Segment Start: DATA LISTING

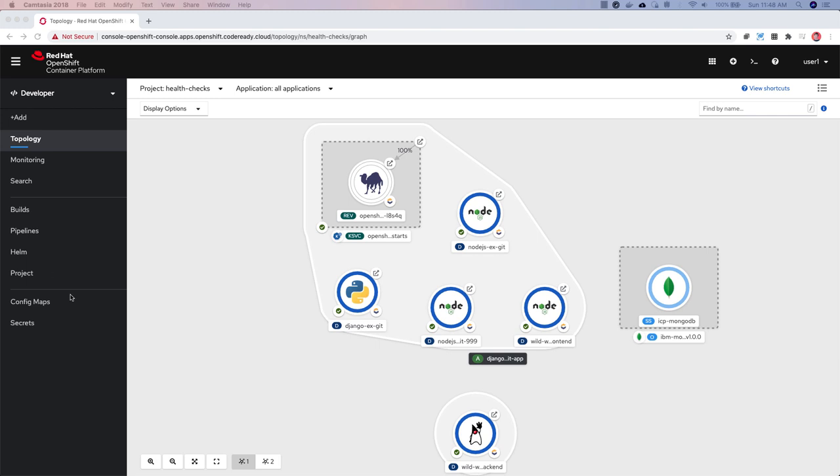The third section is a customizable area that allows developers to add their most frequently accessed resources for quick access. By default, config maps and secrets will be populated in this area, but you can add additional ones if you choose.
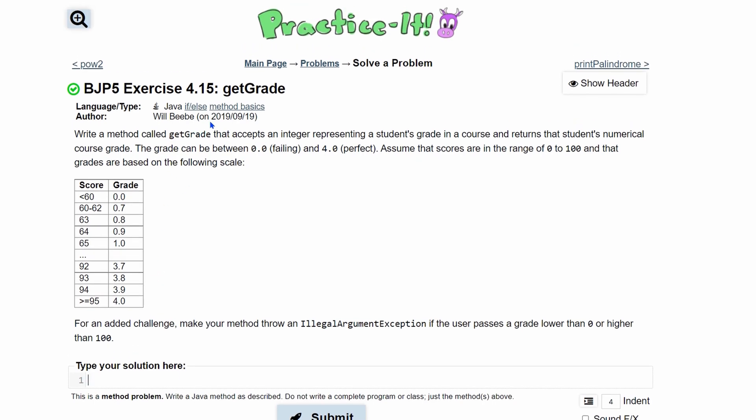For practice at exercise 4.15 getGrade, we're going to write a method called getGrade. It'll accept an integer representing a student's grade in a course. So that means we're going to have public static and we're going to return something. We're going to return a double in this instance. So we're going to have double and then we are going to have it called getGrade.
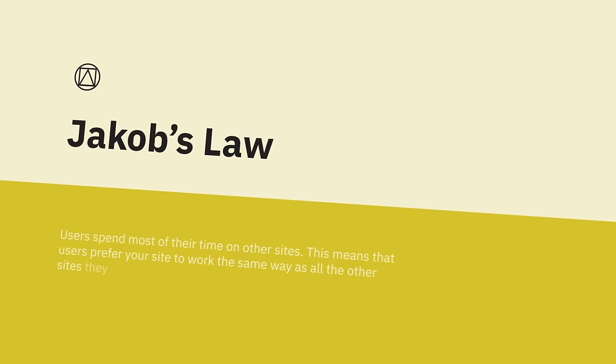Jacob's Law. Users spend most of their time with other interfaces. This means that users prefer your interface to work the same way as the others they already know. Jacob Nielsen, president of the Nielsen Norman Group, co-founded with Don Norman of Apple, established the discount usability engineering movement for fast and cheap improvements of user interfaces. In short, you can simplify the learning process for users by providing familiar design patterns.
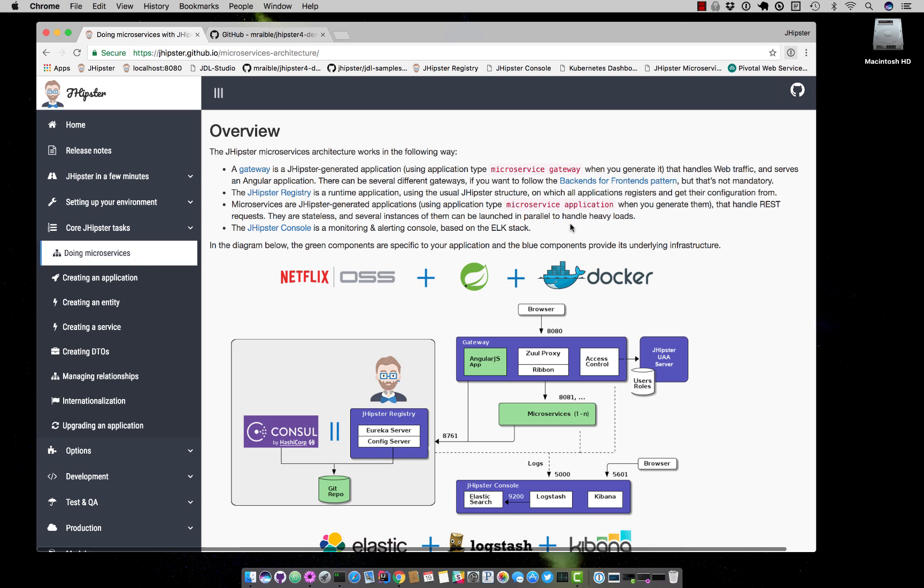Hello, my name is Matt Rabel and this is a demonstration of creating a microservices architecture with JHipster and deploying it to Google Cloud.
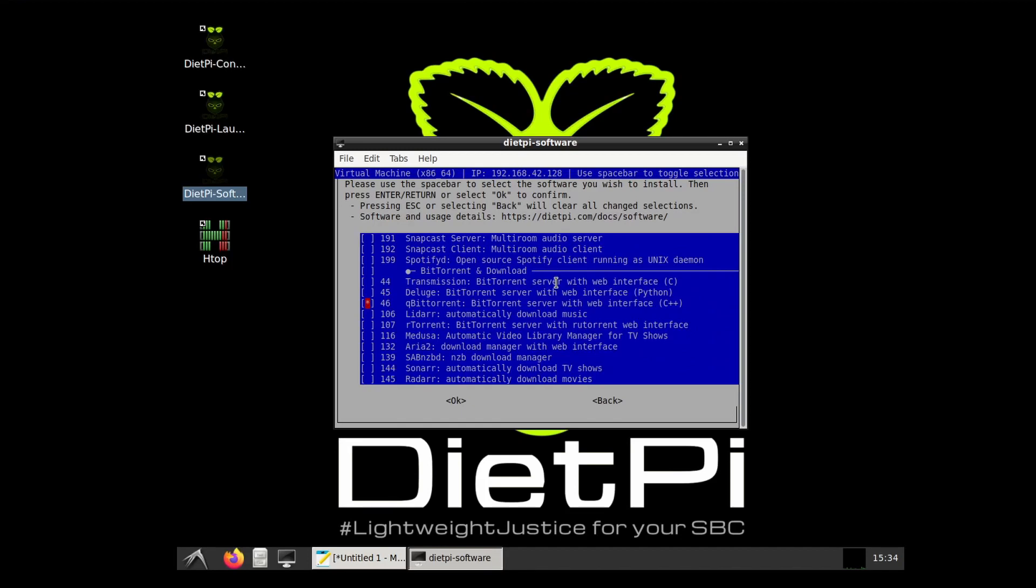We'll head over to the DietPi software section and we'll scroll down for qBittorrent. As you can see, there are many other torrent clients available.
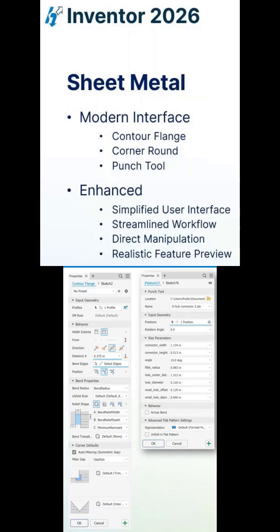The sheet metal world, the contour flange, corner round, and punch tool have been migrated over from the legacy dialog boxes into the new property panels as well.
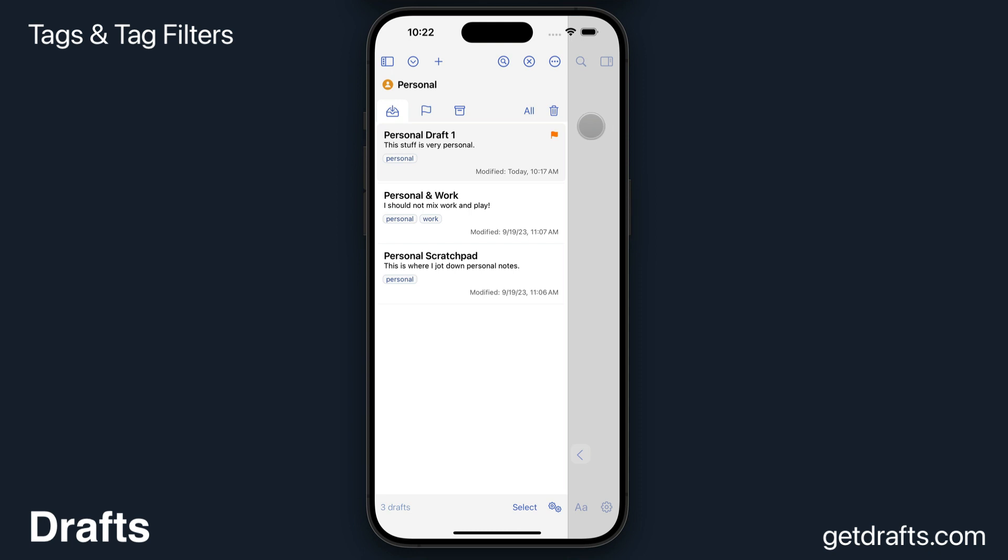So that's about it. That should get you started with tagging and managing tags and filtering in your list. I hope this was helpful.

Segment End: DATA LISTING

◆ ABOUT THIS EXERCISE:
Once the line containing "Hello, my name" is found, transcribe it and every line after it to the end of the records, exactly and with no pictures.

◆ RESULT:
Hello, my name is Matt Rabel and this is a demonstration of creating a microservices architecture with JHipster and deploying it to Google Cloud.
We'll head over to the DietPi software section and we'll scroll down for qBittorrent. As you can see, there are many other torrent clients available.
The sheet metal world, the contour flange, corner round, and punch tool have been migrated over from the legacy dialog boxes into the new property panels as well.
So that's about it. That should get you started with tagging and managing tags and filtering in your list. I hope this was helpful.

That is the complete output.